Prior to her career in education, Rebecca spent six years in law enforcement. She trained with the Federal Police Corps Program in Salt Lake City, Utah. After moving back to Connecticut, she worked as a patrol officer for two different municipal police departments, assigned to the midnight shift. Strangely enough, she experienced bizarre cases and an abnormal amount of untimely death cases. As the evidence officer, Rebecca was responsible for managing the evidence room, processing crime scenes, and processing evidence. She also became a certified police instructor in criminalistics and crime scene investigations. Her other assignments included Police Explorers adviser and car seat safety technician.
During this time, Rebecca earned another master’s degree, this time in forensic science/advanced investigations from the University of New Haven Henry C. Lee Institute of Forensic Science. Part of her coursework included a nine-month internship, completed with the Hartford Police Department’s Crime Scene Unit. She assisted with homicide investigations, fatal motor vehicle accidents, robberies, assaults, shootings, burglaries, as well as crime scene processing. “For students who are wondering, NO, it was not like the show CSI! The realities of investigating an actual crime scene are starkly different than what is depicted on CSI,” Rebecca explained.
Rebecca earned her bachelor’s in criminal justice/investigative services from the University of New Haven. During her undergraduate coursework, she completed an internship with the West Haven Police Department’s Identification Unit. She helped process crime scenes, and examined fingerprint evidence and the enhancement of digital evidence.
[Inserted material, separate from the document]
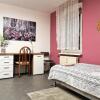 Отель Apartment Bayreuth, 4 Zimmer Ferienwohnung im Haus mit Kunst, WLAN, Küche, Parkplatz, фото 4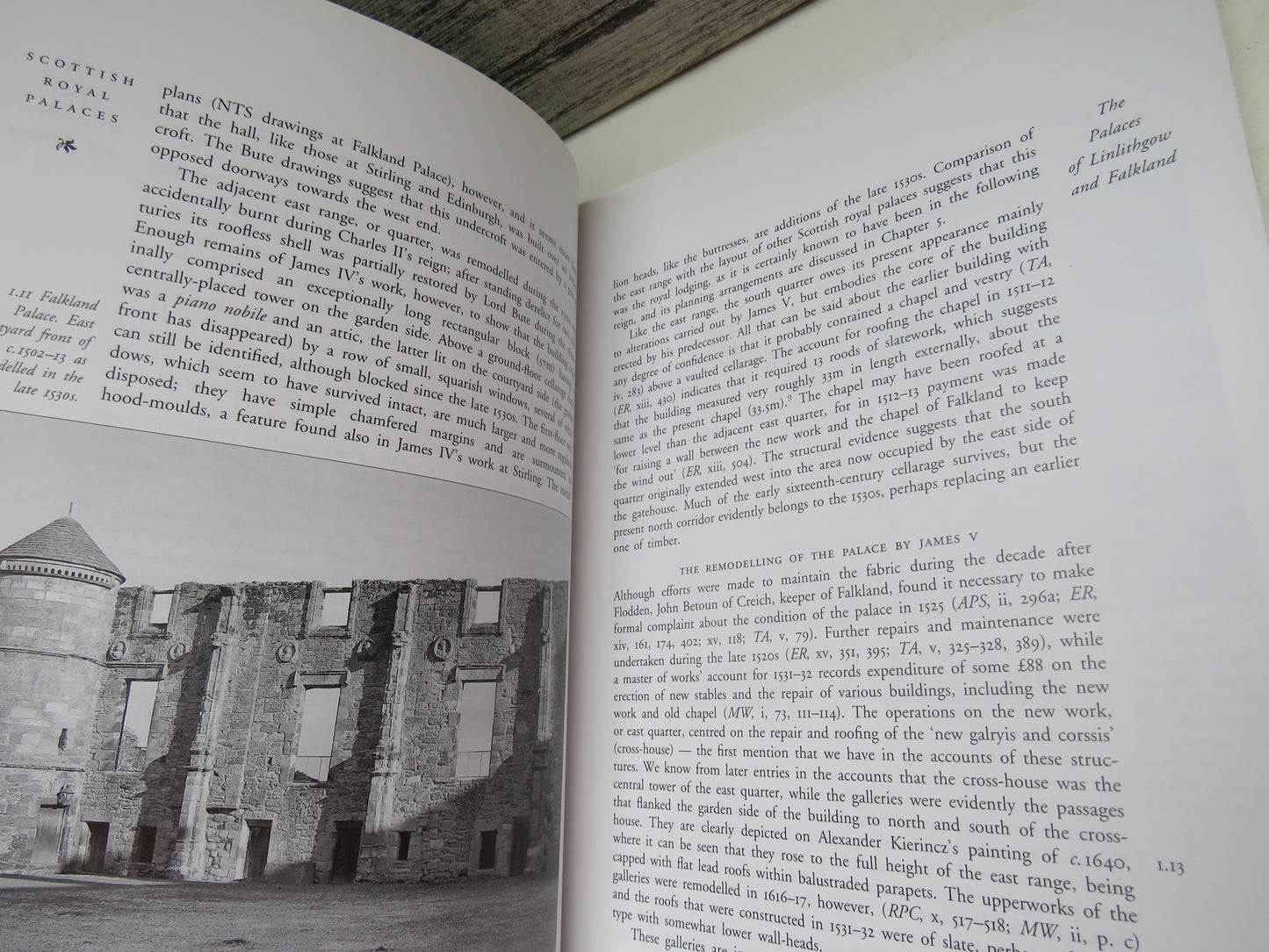 Scottish Royal Palaces The Architecture of the Royal Residences During The Late Medieval and Early Renaissance Periods By John G. Dunbar 1999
She is a member of the American Society of Criminology and the American Criminal Justice Association. Rebecca received the Chief’s Award in Forensic Advances, the High Five Excellence Award from American Public University System, and a proclamation from the city of Middletown declaring May 27 as “Professor Rebecca Rist-Brown Day.”
When she is not teaching, Rebecca spends time with her husband and her son, Dustin. She loves outdoor activities, especially gardening, and movies.